Insurance

Young Drivers Face Record High Car Insurance Costs Amid Post Covid Surge

Young drivers, particularly those aged 17-20, are grappling with the highest car insurance costs on record, with premiums soaring by an average of £1,000 in the past year, according to data from Confused.com, a leading price comparison firm. The surge is attributed to a post-Covid increase in insurance claims and rising costs in the automotive sector.

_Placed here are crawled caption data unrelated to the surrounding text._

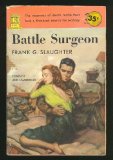 Portada de BATTLE SURGEON
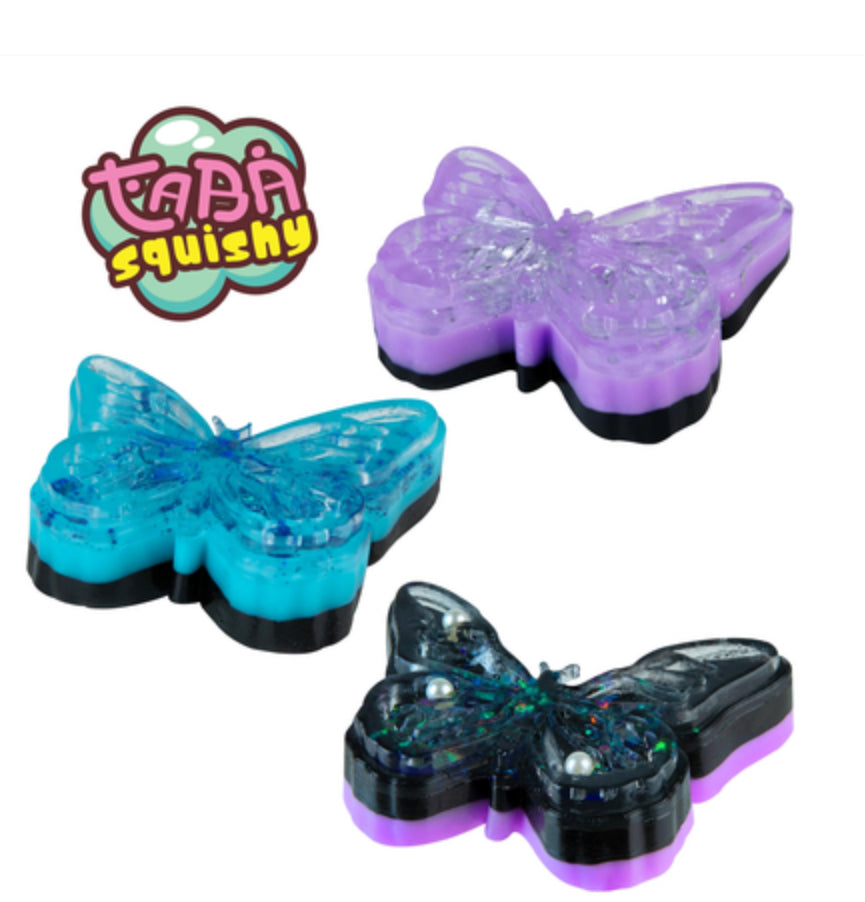 ORB Curiosities Taba-licious Sparkle Asst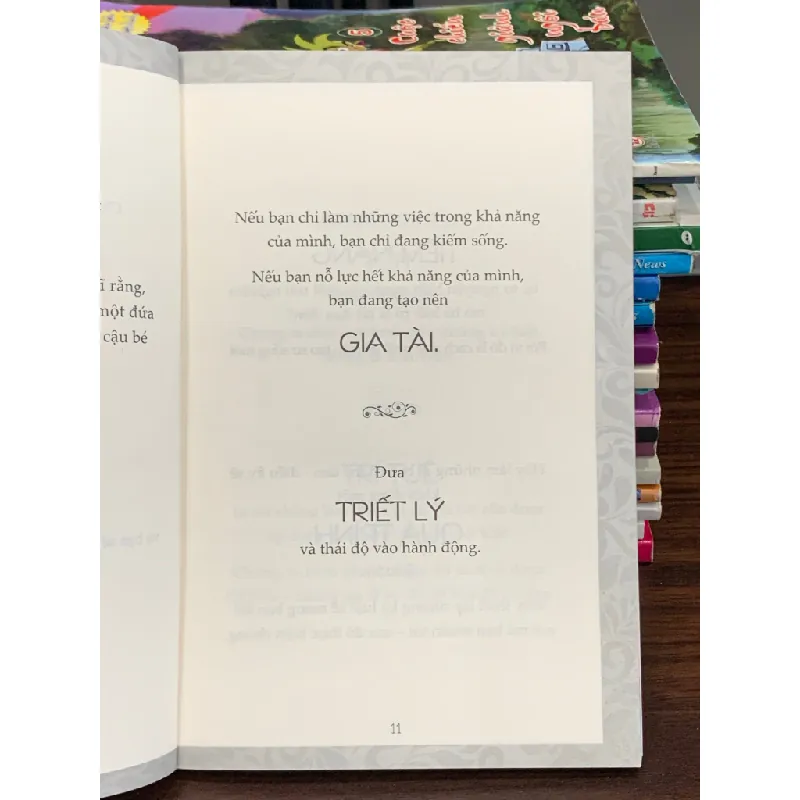 Châm ngôn ngày mới – Jim Rohn 563606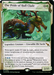 The Pride of Hull Clade (MKM-382) - Murders at Karlov Manor: (Showcase) Foil - for just $1.55! 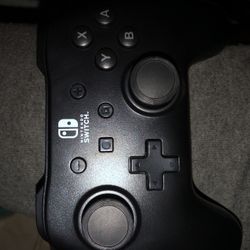 Nintendo Switch Joystick 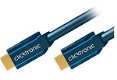 Clicktronic High Speed HDMI kabel met ethernet - 7,5 meter - 1 - Thumbnail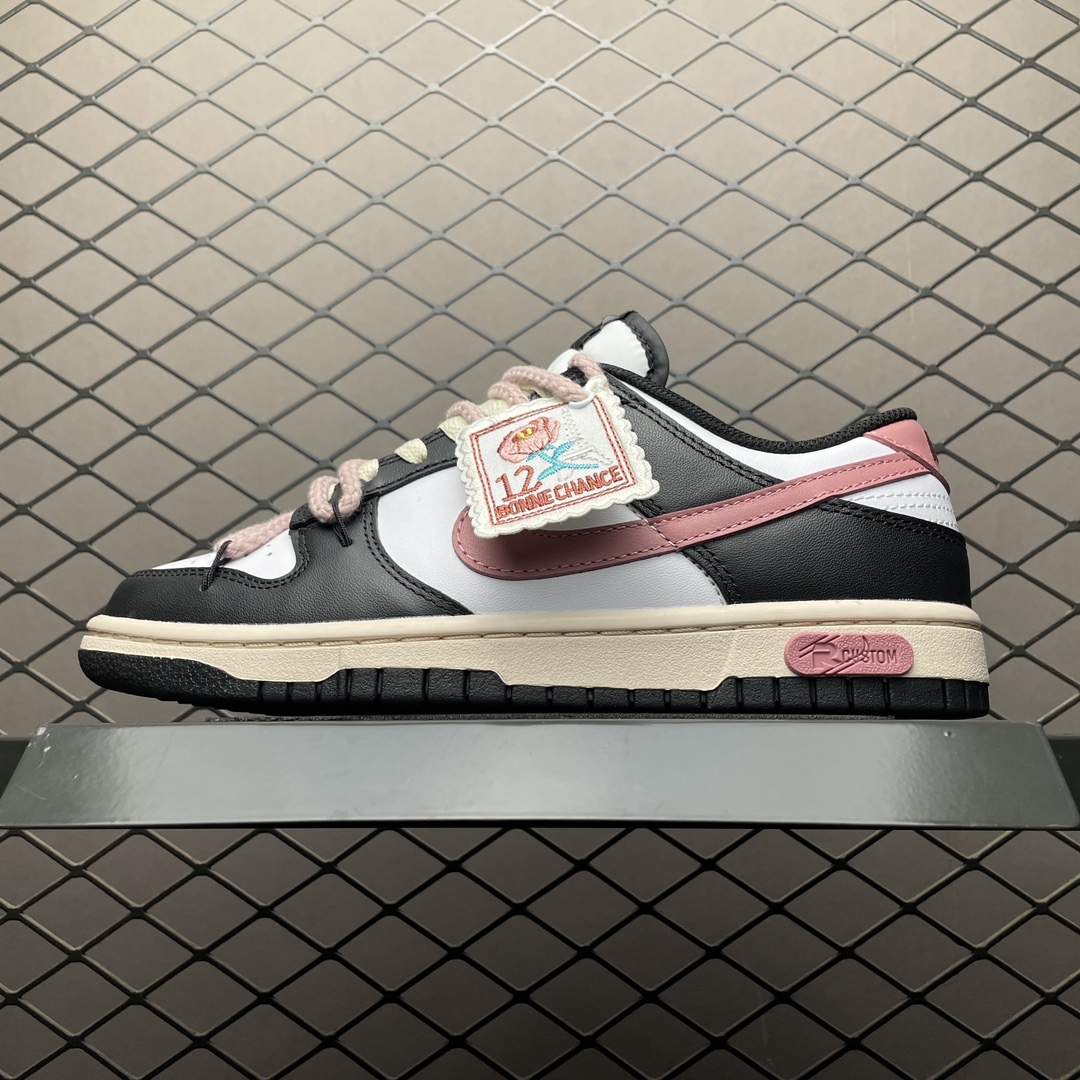Replica Nike Dunk SB Shoe Nike Dunk Low CW1590-100 Size 36-46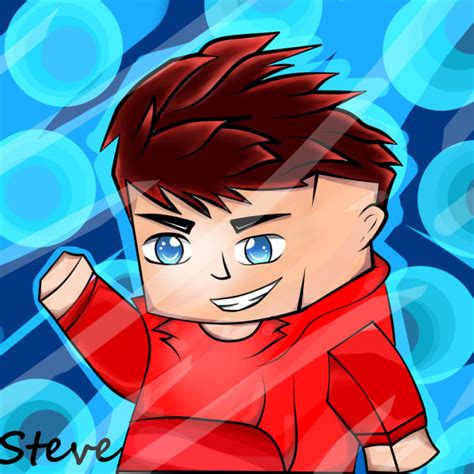 Create U A Amazing 2d Roblox Pfp By Amazingcreators Fiverr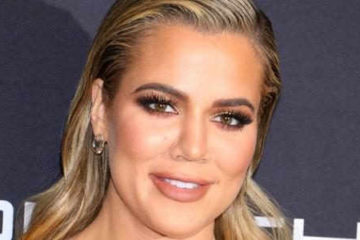 Khloe Kardashian Reveals How She Keeps Everything Organized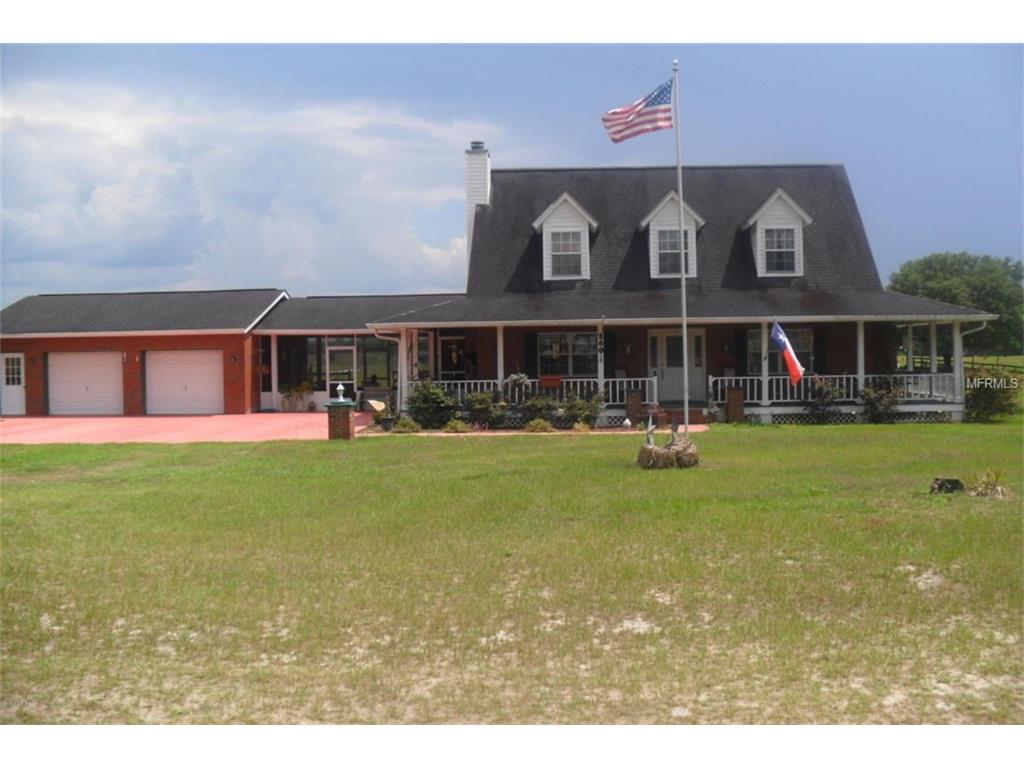160 Juniper Trl, Ocala, FL 34480 photo 1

Rising Costs and Post-Covid Impact: Confused.com’s data reveals that, on average, all drivers are now facing a 58% increase in car insurance costs compared to the same period last year. Steve Dukes, CEO of Confused.com, highlighted on BBC Radio 4’s Today programme that the frequency and costs of insurance claims have risen since the pandemic. Factors contributing to this surge include increased claims frequency, higher costs of second-hand cars, and elevated expenses for car repairs, all of which are being passed on to consumers.

Impact on Young Drivers: Young drivers are disproportionately affected by these rising costs, with some facing premiums nearing £3,000. For 17-year-olds, premiums surged by an average of £1,423, reaching £2,877, while 18-year-olds are now facing an average policy price of £3,162. The data, based on the best five quotes received on Confused.com, underscores the financial strain on young motorists.

Market Volatility and Used Car Prices: The volatility in second-hand car prices, exacerbated by the global shortage of computer chips and other manufacturing materials during the Covid pandemic, has contributed to the challenges faced by young drivers. Demand for used cars surged as production of new vehicles declined. Although prices in the used car market spiked by 31% in March 2022, they have since fallen, providing some relief to consumers.

Mitigating Strategies: Steve Dukes suggests that young drivers explore strategies to reduce premiums, such as sharing driving with an older, more experienced driver and adding them as a named driver. Additionally, he recommends considering telematics or “pay how you drive” insurance, where driving behavior is shared with the insurance provider. While these options may offer cost savings, many young drivers are now questioning the affordability of driving altogether.

Conclusion: As young drivers grapple with unprecedented car insurance costs, industry stakeholders, including insurers and policymakers, must address the challenges faced by this demographic. The impact of rising premiums on the ability of young individuals to afford and access essential transportation highlights the need for comprehensive solutions and a careful examination of the factors contributing to these record-high costs.